According to the London-based Al-Hayat newspaper, Israel suggested that Donald Trump, who is scheduled to visit on May 22 after first going to Saudi Arabia, delay the trip by several days to coincide with the anniversary.
However, the Trump administration refused for two reasons, Al-Hayat said, citing Western sources.
With Trump looking to broker a Mideast peace deal, he does not want to appear too biased in favor of Israel, which could be implied if he were here to mark Israel’s 1967 victories over the Arab armies, the report said.
The later date was also technically difficult because Trump has tied his first overseas visit to the NATO and G7 summits in Brussels and Sicily later this month, Al-Hayat said.
The Six Day War was fought between June 5 and 10, 1967 and saw Israel capture East Jerusalem, the West Bank, the Gaza Strip, the Sinai Peninsula and the Golan Heights.
It’s not immediately clear why Israel would have suggested that Trump delay his trip and there has been no official confirmation of any such suggestion.
In any case, Trump will be in Israel just a day before the Jewish state celebrates the 50th anniversary of the reunification of Jerusalem in that war, which this year falls on the eve of May 23 according to the Hebrew calendar.
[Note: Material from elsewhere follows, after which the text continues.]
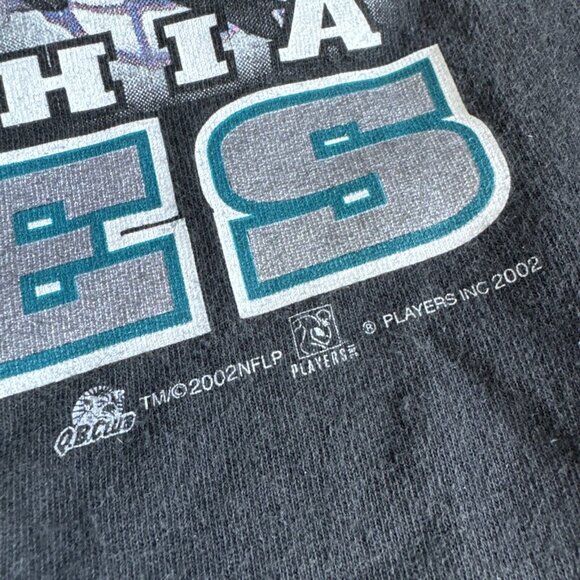 VINTAGE McNabb Vincent Staley Douglas Philadelphia Eagles 2002 Mens‎ Shirt Sz L - Picture 3 of 9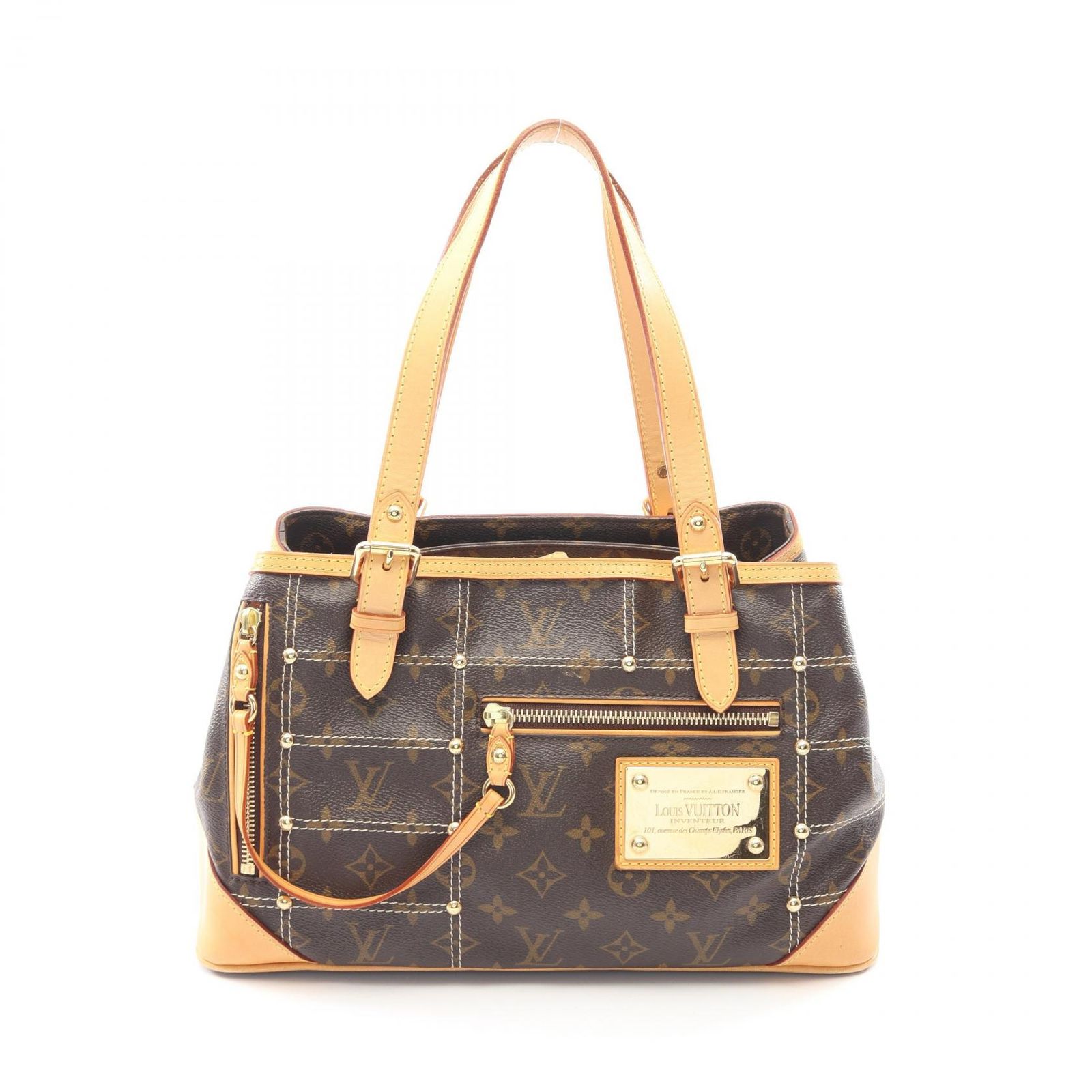 LOUIS VUITTON ルイ・ヴィトン リヴェット ハンドバッグ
This has already sparked speculation that he might use the trip make a major announcement regarding the holy city, which is even more sensitive in the Arab world.
Over the course of his campaign, Trump repeatedly promised he would move the US embassy from Tel Aviv to Jerusalem, but since assuming office, he has seemingly stepped away from that pledge amid warnings from the Muslim world.
Trump will have to make an important decision on the matter.
Congress passed a law in 1995 mandating the embassy be moved to Jerusalem, but it allowed the president to exercise a six-month waiver on national security grounds.
Every president since, including Barack Obama’s predecessors George W. Bush and Bill Clinton, signed that waiver every six months.
The last one, signed in December by Obama, expires at the end of May, when Trump will be forced to either sign it or follow through on his campaign promise.
But given that Trump said he wants to reset his often-frosty relations with the Muslim world, he seems unlikely to want to antagonize them with a Jerusalem declaration.
Trump said he “will begin [the foreign trip] with a truly historic gathering in Saudi Arabia with leaders from all across the Muslim world,” and noted: “Saudi Arabia is the custodian of the two holiest sites in Islam.”
In markedly conciliatory language, he added: “It is there we will begin to construct a new foundation of cooperation and support with our Muslim allies to combat extremism, terrorism and violence and to embrace a more just and hopeful future for young Muslims in their countries.”